With the people scattered, their speech confused, each family was constrained into a tribal unit, to develop a culture as best it could.  The peoples’ existence likely depended on hunting skills, gathering nuts and berries, while residing in caves or temporary shelters.  Unable to communicate outside the immediate family, stronger tribes, aggressive individuals inevitably chased away the weak.

Scientists and geologists admit, though all of these people at one time were intelligent and resourceful humans, clearly familiar with construction, navigation, agriculture, animal husbandry, ceramics and ability to work with metal, it would take centuries, and in some cases two or three thousand years, for these tribal families to once again acquire similar technical ingenuity.

Once having knowledge of writing, but after God had removed the ability to communicate in a former tongue, they had to adopt a new speech and relearn how to write the new language.  All across the world, men and women geologists in the past and still today are uncovering evidencing information that some tribes were far ahead of others in attributes of civilization.  In each discovered primeval history, tribes often had recorded remembrances of a great Flood, along with most worshipping someone or something, faint remembrances of the true God of Adam and Noah.

Japheth’s sons, Gomer, Magog, Madai, Javan, Tubal, Meshech, and Tiras, were transformed by God into nomads, individual tribes that made their way north and east, and became the progenitors of the Indo-European peoples.  These people and their descendents is where the journey begins, not particularly with Riphath, son of Gomer, and where the name “Europe” originated, but with Riphath’s descendents, the English.

Over a period of nearly six thousand years God had preserved America.  Before attempts were made to colonize America—Europe, Asia and Africa were already ancient cultures, their histories permeated with reigning monarchs, feudal lords and power-hungry churches, all seeds of the Roman Catholic Empire.  Countless millions of common people were enslaved to kings, queens and land barons, serving from birth until death, owned and subject to the pleasures of king, queen or feudal lord.  Life was both bleak and short, and the dark ages dragged on.

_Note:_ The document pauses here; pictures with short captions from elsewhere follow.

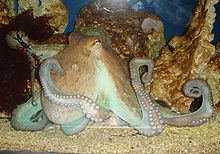 220px-Octopus.jpg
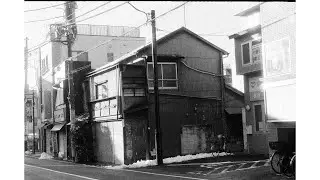 End of winter 2024 /  ILFORD DELTA 3200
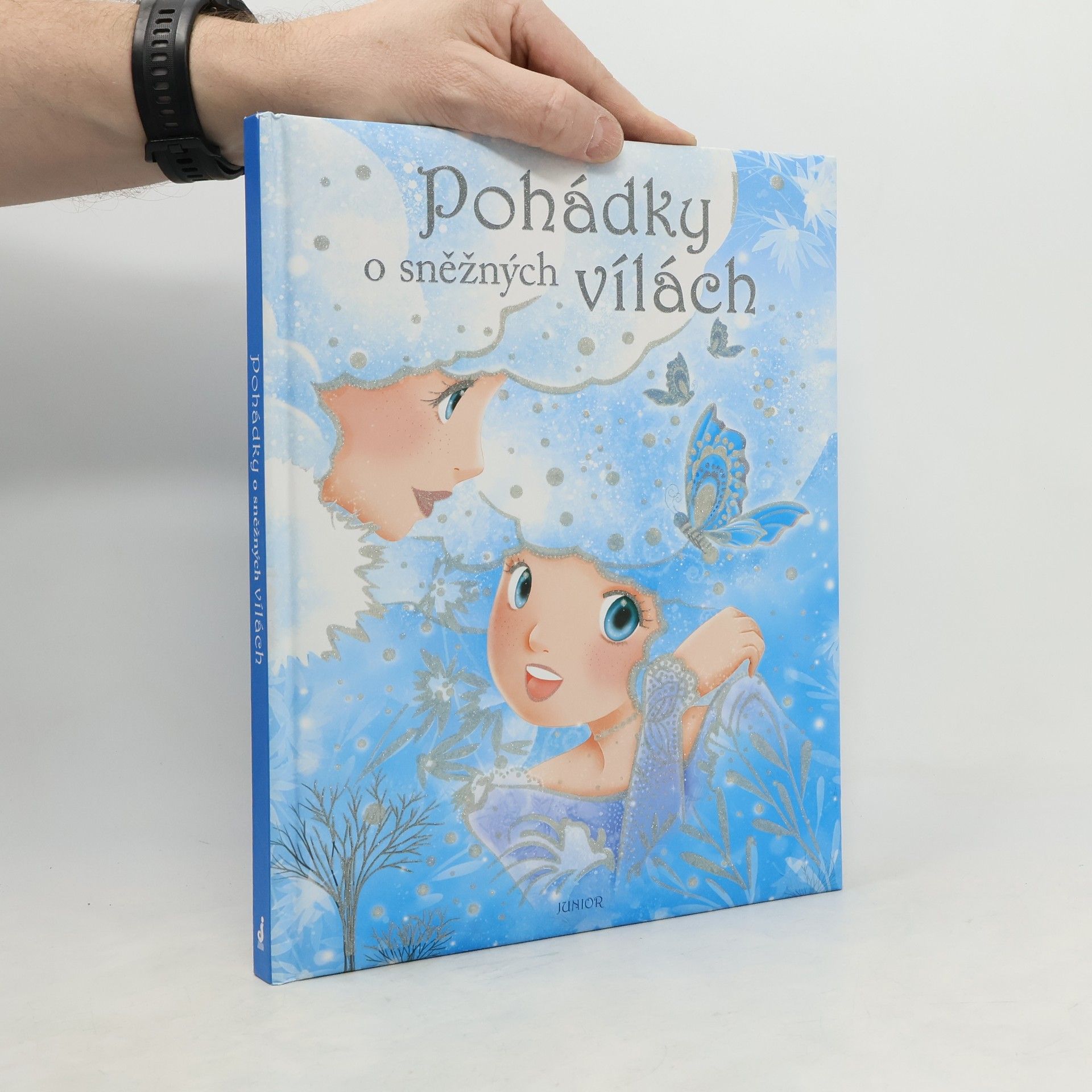 Autorenkollektiv Pohádky o sněžných vílách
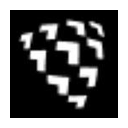 Shield AI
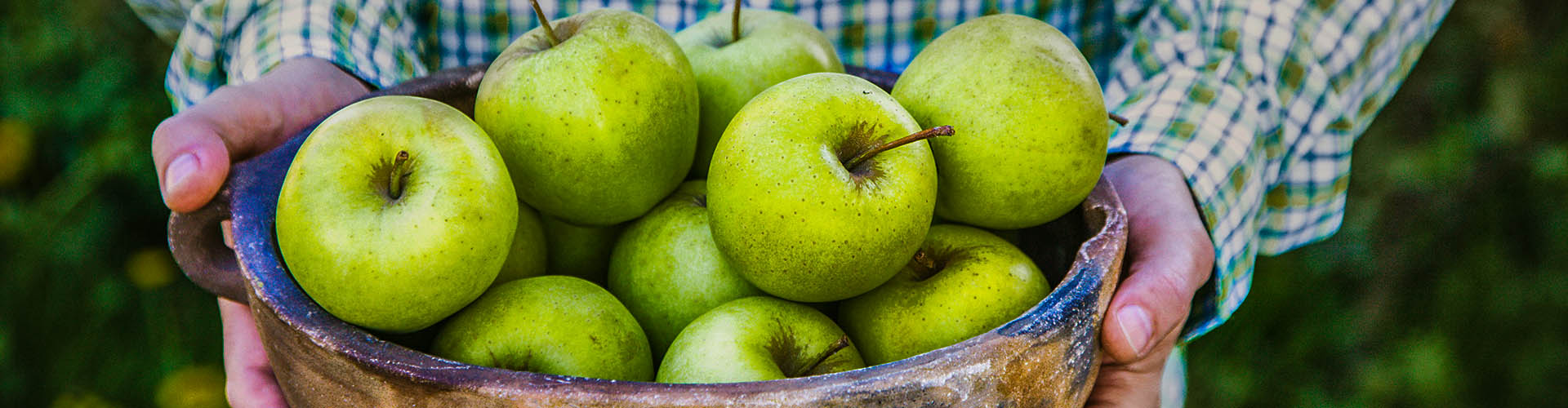 Ignoring fibre may increase Irritable Bowel Disease severity and flare-ups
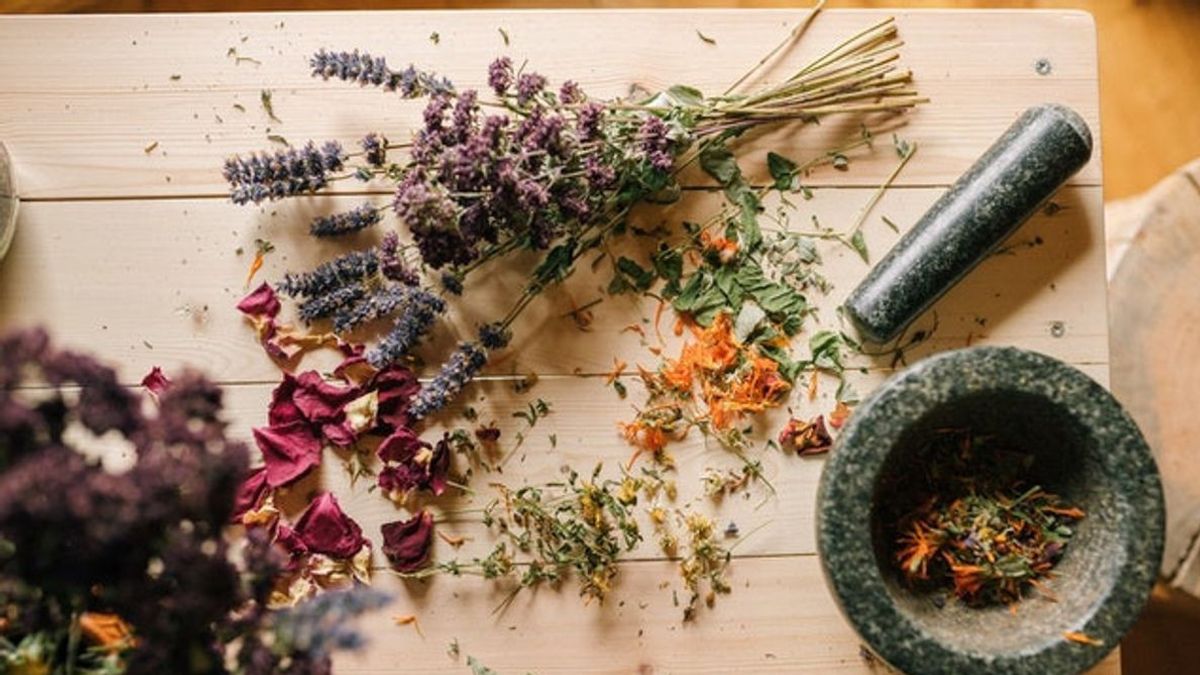 4 Tanaman Herbal yang Berkhasiat untuk Menyembuhkan Kulit Gatal, Coba Terapkan!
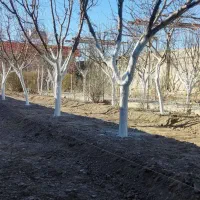 اجرای کلیه خدمات گیاهپزشکی و باغبانی|خدمات باغبانی و درختکاری|مشهد, شهرک امام هادی (شهرک غرب)|دیوار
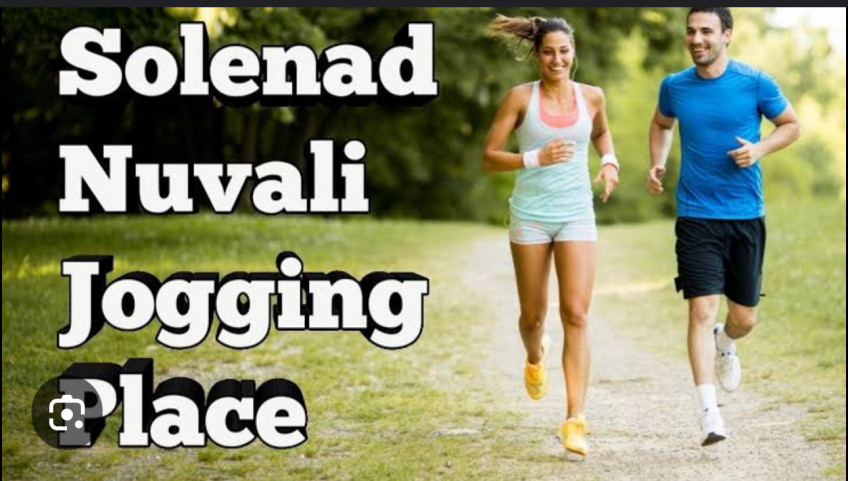 Fully Furnished House For Rent At Avida Southfield Settings Nuvali Calamba, Laguna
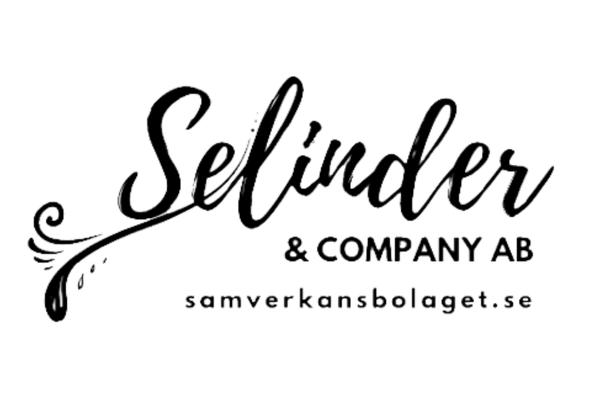 Linkedin Coachen Selinder & Co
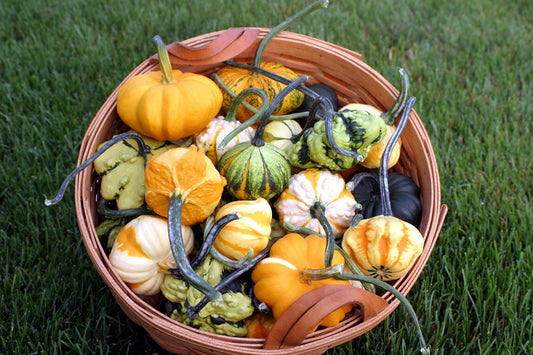 Galactic Gourds Fall Decor – Colorful 5-Pointed Star Shaped Gourds for Vibrant Seasonal Displays 0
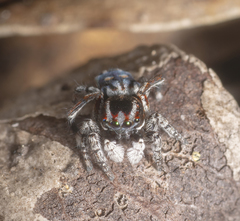 Maratus harrisi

The dark ages, a period that lasted from about 476 A.D. to about 1000 A.D, is a termed expression of time that denotes a transitional period between the fall of Rome and the rise of medieval civilization, a period of time when hordes of Norsemen and Germans on horseback, pagans and infidels, swooped down from the north and attacked indefensible European villages.  During this time there was little law, practically no central organized governments; little trade, little building of cities and practically no education and art—yet Roman Catholicism grew to its highest level.

Because of political correctness in the twentieth century, the term dark ages was changed to “Middle Ages.”  Though its advocates argued it was not a period of stagnation, a period of more than five hundred years, history indicates its inhabitants saw an increase in feudalism.  To be fair, the dark ages produced the plow, advances in agriculture, and substitution of horses for oxen to do heavy-duty farm work, all applicable contributions to mankind but at the expense of social justice.  During the dark ages, liberty, both ecclesiastical and civil, was unknown to common people.  Cultural darkness and bondage continued to stagnate and cripple European civilization until an event took place in 1215.  This incident eventually helped lead to removing the millstone of slavery from the neck of the common English man.

Though the “Magna Carta” in its original framework offered no liberty to great masses of ordinary Englishmen, it was used to create one of the most amazing pieces of law ever recorded in history.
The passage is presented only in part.